WHAT YOU HAVE TO DO: Your task is to return exactly the lines that run from the one containing "Stand-up comedian Bharti" through the end of the listing below, without any pictures.
[Opening RAW DATA section]
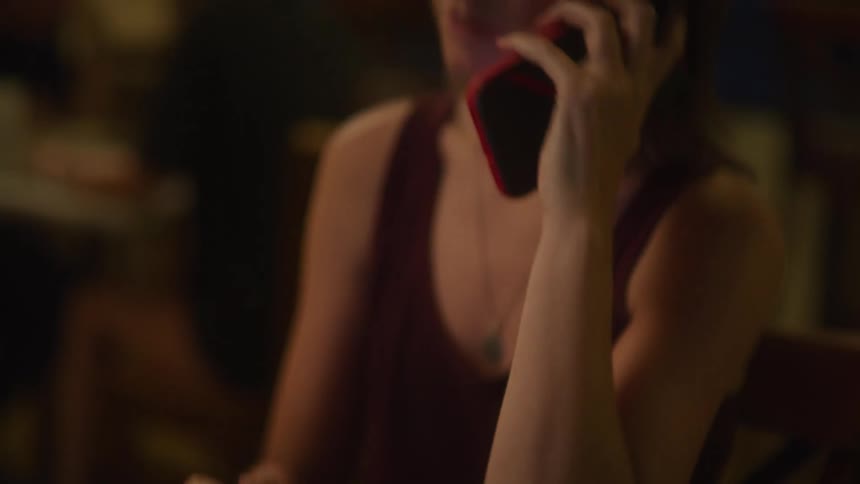 A woman scrolling on a laptop and answering a smartphone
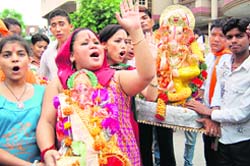 Stand-up comedian Bharti carries an idol of Ganesha for immersion in the Beas in Amritsar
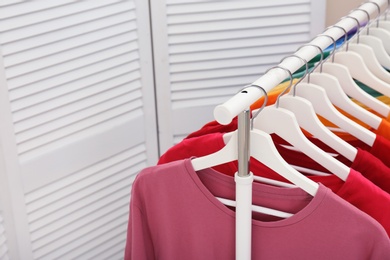 Photo of Rack with bright clothes in room. Rainbow colors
[Closing RAW DATA section]
TASK OUTPUT:
 Stand-up comedian Bharti carries an idol of Ganesha for immersion in the Beas in Amritsar
 Photo of Rack with bright clothes in room. Rainbow colors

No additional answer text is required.